We are joined by Gibraltarian poet Gabriel Moreno for this installment of Two Poems. Gabriel’s recent work has been concerned with the myth of Orpheus, a story that he has recrafted into a modern day poetry series about searching, loss and renewal.
For this performance, Gabriel has read Ballad of the Moon by Federico Garcia Lorca, and to remain faithful to the original poem, he has read it in both Spanish and English. But to start, Gabriel has performed his own poem, Orpheus and the Maenads.
Let’s start with your poem. It’s coming from a larger body of work about the myth of Orpheus. Can you tell me where it sits within that?

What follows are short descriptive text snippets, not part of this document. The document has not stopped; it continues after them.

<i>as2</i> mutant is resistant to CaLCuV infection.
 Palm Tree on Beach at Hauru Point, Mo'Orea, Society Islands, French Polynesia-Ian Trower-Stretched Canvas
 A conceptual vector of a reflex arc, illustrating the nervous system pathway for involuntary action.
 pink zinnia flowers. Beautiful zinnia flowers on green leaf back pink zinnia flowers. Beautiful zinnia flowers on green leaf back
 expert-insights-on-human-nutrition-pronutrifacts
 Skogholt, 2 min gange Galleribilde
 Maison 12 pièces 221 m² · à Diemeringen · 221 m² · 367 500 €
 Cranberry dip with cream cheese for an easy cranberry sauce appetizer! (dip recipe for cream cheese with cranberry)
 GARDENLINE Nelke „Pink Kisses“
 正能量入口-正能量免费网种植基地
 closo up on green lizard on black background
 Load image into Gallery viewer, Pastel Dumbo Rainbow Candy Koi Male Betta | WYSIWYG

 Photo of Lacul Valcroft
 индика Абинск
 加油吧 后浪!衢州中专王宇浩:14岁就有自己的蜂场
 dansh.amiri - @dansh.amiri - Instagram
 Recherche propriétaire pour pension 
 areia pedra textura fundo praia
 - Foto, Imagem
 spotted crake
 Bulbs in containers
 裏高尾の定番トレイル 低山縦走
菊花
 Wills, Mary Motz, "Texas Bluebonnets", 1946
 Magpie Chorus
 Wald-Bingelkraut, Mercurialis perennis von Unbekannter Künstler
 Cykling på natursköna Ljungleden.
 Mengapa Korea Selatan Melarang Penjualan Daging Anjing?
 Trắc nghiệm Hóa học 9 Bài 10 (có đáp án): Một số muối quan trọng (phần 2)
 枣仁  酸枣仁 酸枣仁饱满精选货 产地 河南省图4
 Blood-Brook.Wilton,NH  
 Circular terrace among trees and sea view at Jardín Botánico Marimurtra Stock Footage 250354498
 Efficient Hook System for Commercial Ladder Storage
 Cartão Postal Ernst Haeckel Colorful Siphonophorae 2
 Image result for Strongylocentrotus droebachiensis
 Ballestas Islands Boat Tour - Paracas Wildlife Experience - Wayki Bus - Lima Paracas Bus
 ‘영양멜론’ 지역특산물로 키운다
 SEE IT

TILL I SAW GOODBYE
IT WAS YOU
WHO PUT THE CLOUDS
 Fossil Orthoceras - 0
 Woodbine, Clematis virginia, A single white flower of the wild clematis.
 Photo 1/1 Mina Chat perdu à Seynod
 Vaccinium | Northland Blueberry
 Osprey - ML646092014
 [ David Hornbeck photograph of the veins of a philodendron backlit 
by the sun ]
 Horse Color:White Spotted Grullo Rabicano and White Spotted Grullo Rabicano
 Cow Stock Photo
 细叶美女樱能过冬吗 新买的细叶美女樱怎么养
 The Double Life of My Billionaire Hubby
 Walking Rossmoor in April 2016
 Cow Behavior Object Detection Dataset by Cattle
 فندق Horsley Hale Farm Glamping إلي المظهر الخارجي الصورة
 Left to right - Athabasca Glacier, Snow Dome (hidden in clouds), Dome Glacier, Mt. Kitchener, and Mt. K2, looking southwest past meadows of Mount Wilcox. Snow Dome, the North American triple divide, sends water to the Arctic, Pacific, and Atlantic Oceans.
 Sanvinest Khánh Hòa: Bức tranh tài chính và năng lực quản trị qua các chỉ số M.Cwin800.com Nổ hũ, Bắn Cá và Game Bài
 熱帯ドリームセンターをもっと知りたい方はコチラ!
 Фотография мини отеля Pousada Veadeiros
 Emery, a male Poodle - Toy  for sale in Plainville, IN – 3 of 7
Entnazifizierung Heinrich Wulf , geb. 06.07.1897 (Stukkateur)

This is nearing the end of the tale, and the collection. After he spends some time without creating, Orpheus comes up with a new song. It’s a song of hope, but also of a more introvert experience and a more monastic kind of life. This pisses the maenads off as all their men follow Orpheus in his new philosophy. They conjure up a Bacchic ritual in which Orpheus is supposed to take part, but really they use the ritual to dismember him. To kill him. After this, Orpheus’ head lands in the river together with his lyre and it travels to Lesbos.
The Lorca poem you chose has a similarly supernatural feel to it. What that part of your decision to include it today?
I chose it for the music (rather than) the content. Obviously it’s also a very mystical and ritualistic poem, but I chose it because this is the kind of Lorcian music I hear in my mind when I am trying to construct my English poems in terms of metre, rhyme and pararhyme. These poems for me would have been inconceivable if hadn’t experienced Lorca. So, in terms of music, Lorca has been my biggest influence in both Spanish and English poetry.
Why did you pick this translation over others?
Of course, the translator tried to be faithful to the meaning as best he could, but mostly I think he concentrated on metrics and on music. Even perhaps changing ways of expressing certain symbols so that they would help the music. Because, for me, one of the most powerful parts of Lorca’s poetry is the music, I think these translations really capture the true sense of Lorca.
Gabriel Moreno is a Gibraltarian poet and musician based in London.
His collection, The Descent and Rise of Orpheus the Bard will be published in December by Orion Contemporary.
He currently runs the hugely successful Lantern Society at The Betsey Trotwood.